Extracted data
= = = = = = =

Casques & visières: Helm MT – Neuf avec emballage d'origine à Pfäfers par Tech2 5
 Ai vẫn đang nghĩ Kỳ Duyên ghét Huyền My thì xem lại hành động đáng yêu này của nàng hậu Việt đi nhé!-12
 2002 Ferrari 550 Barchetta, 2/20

= = = = = = =

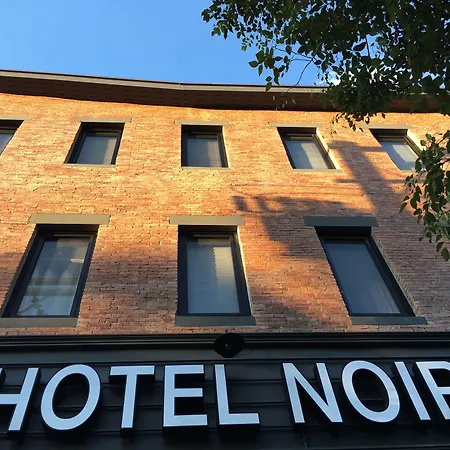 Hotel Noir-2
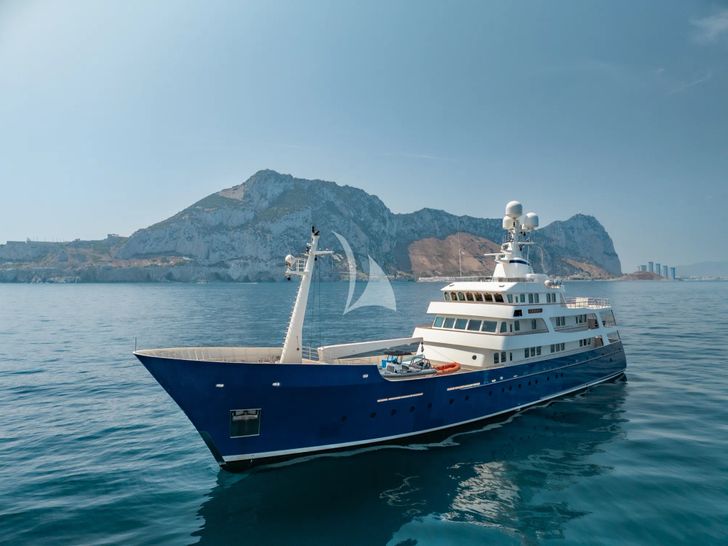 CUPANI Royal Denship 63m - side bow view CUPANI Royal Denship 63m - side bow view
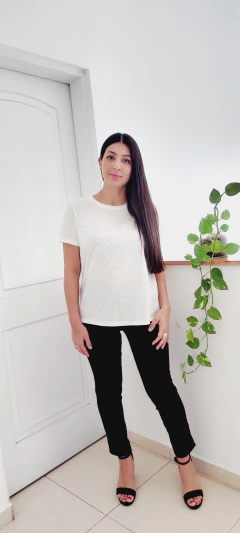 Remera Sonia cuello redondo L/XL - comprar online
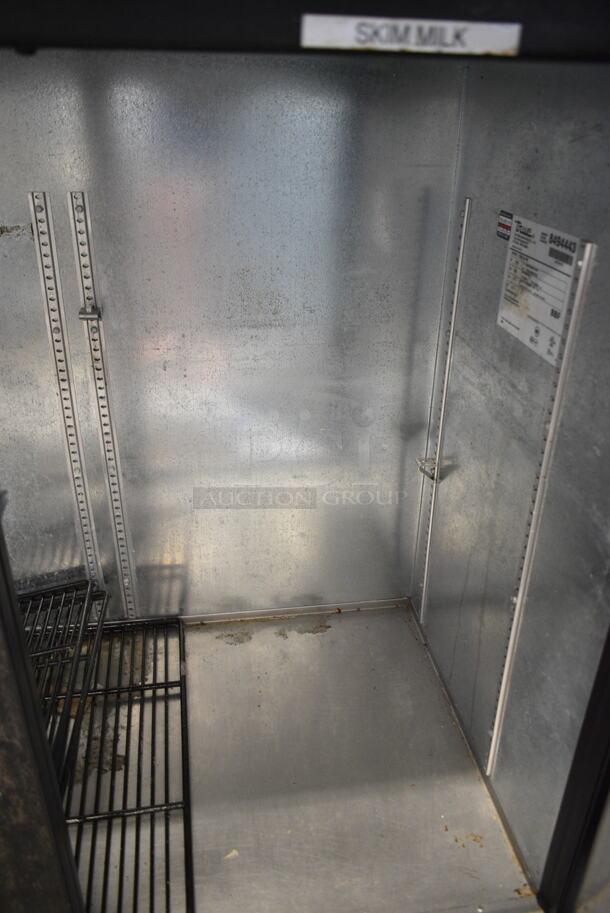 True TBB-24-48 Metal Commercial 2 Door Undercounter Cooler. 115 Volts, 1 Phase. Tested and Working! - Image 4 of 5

= = = = = = =

Action item
Working from the entries above, please transcribe only the lines from the line with "Remera Sonia cuello" through the line with "True TBB-24-48 Metal", exactly, with both end lines and without pictures.

Written answer
 Remera Sonia cuello redondo L/XL - comprar online
 True TBB-24-48 Metal Commercial 2 Door Undercounter Cooler. 115 Volts, 1 Phase. Tested and Working! - Image 4 of 5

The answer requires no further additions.